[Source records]
--------------------
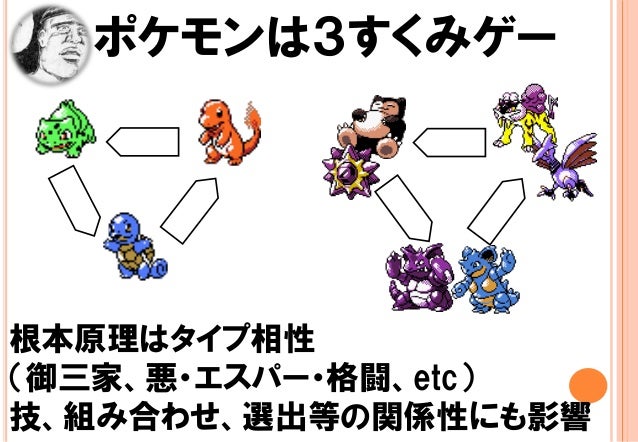 まだ見ぬ３すくみ概論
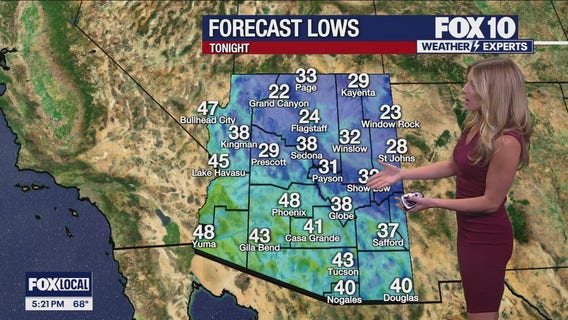 Arizona Weather Forecast: Phoenix still expecting nice, dry weather
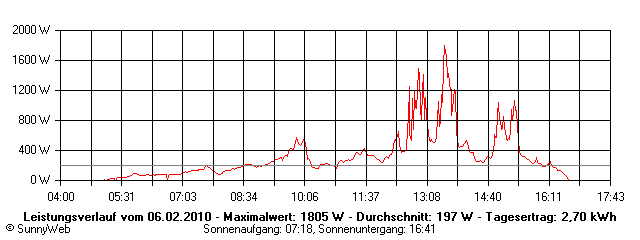 Grafik Tagesertrag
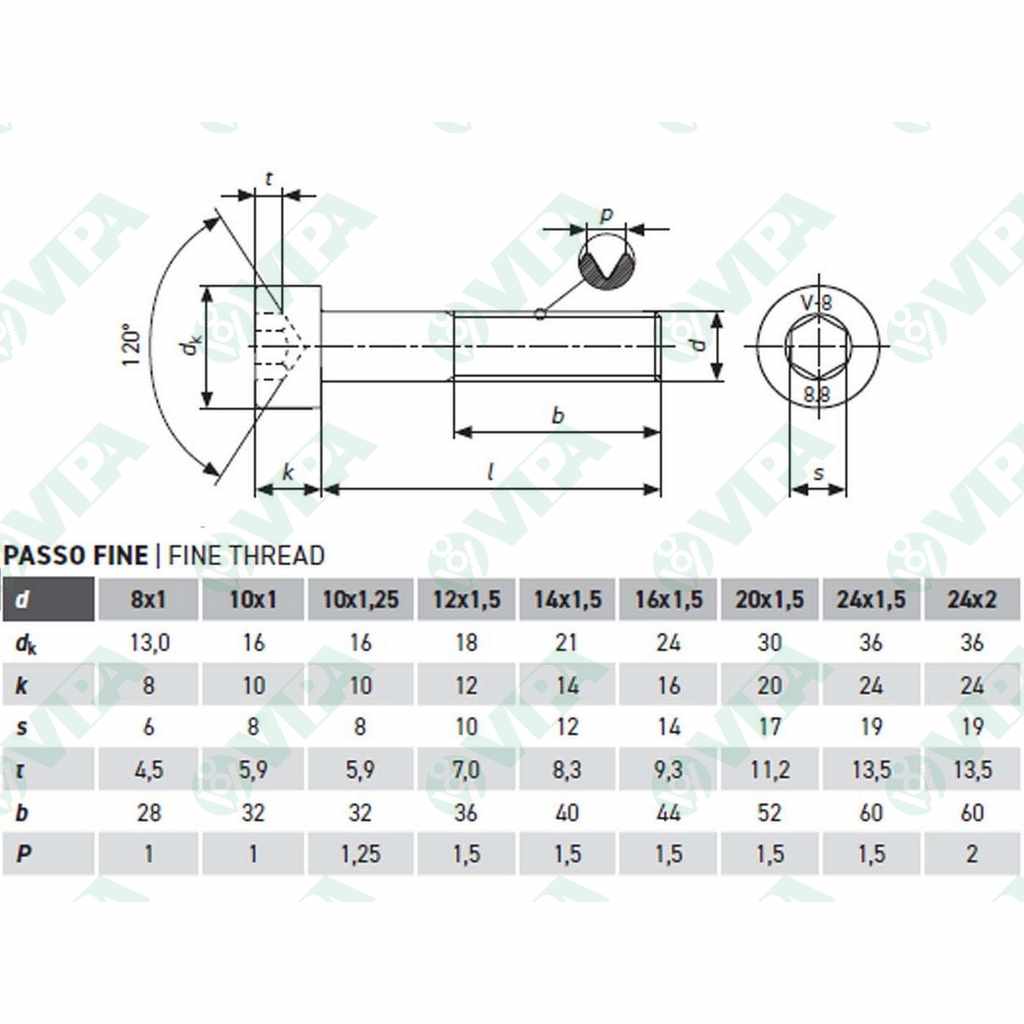 Product images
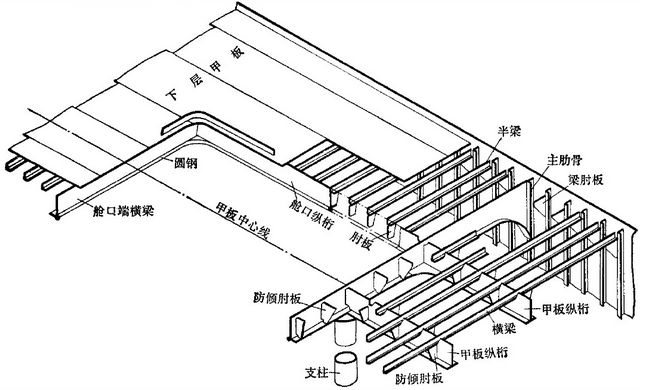 【船舶知识】船舶结构基本知识的图18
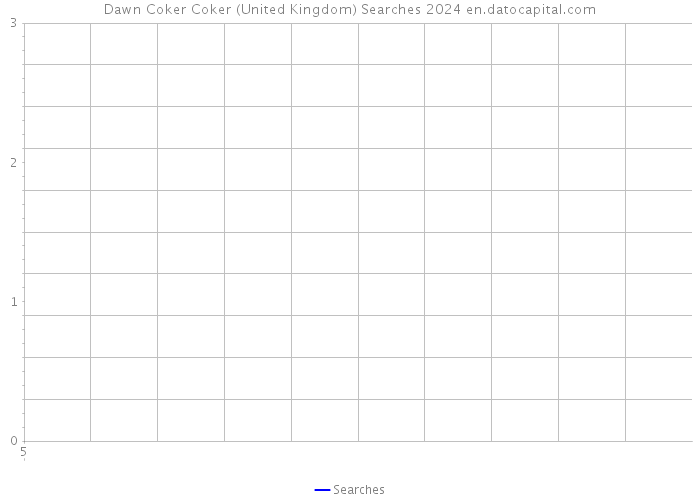 Dawn Coker Coker (United Kingdom) Searches 2024 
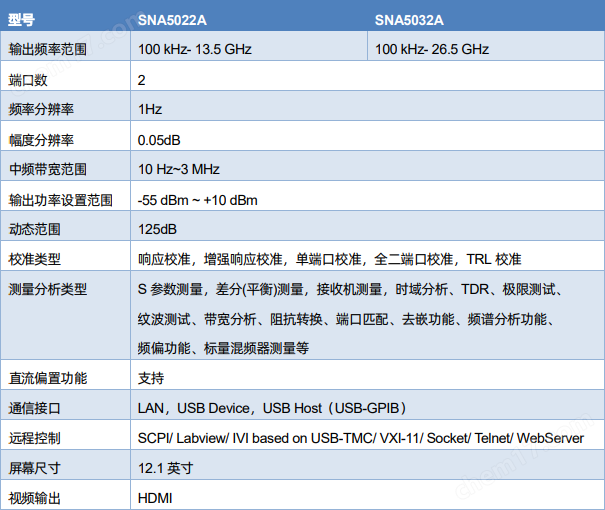 鼎阳SNA5000A系列矢量网络分析仪SNA5022A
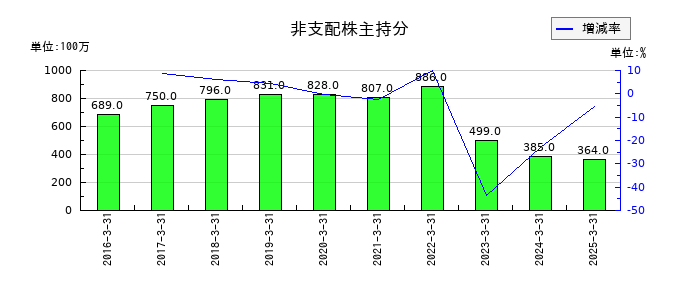 牧野フライス製作所の非支配株主持分の推移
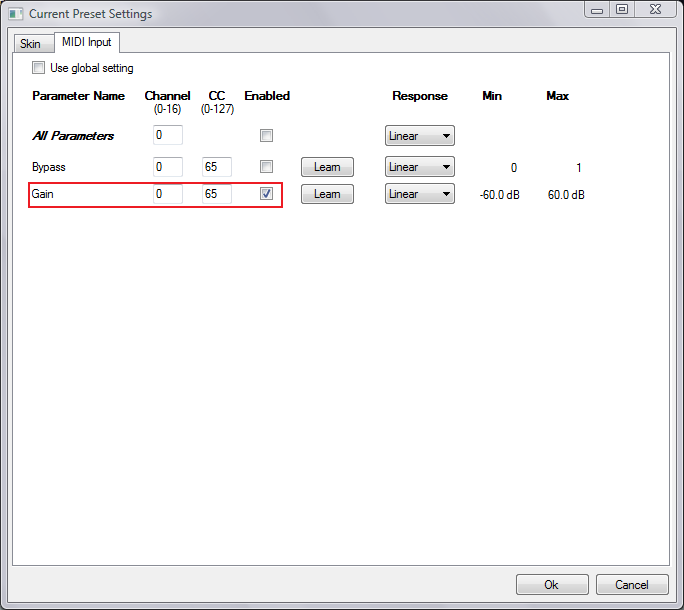 Step 06 - In the presets settings, enable the Gain parameter MIDI control and assign it to the same channel and CC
--------------------
ABOUT THIS EXERCISE: Excluding the pictures, transcribe all of the entries exactly.

RESPONSE TO THIS TASK:
 まだ見ぬ３すくみ概論
 Arizona Weather Forecast: Phoenix still expecting nice, dry weather
 Grafik Tagesertrag
 Product images
 【船舶知识】船舶结构基本知识的图18
 Dawn Coker Coker (United Kingdom) Searches 2024 
 鼎阳SNA5000A系列矢量网络分析仪SNA5022A
 牧野フライス製作所の非支配株主持分の推移
 Step 06 - In the presets settings, enable the Gain parameter MIDI control and assign it to the same channel and CC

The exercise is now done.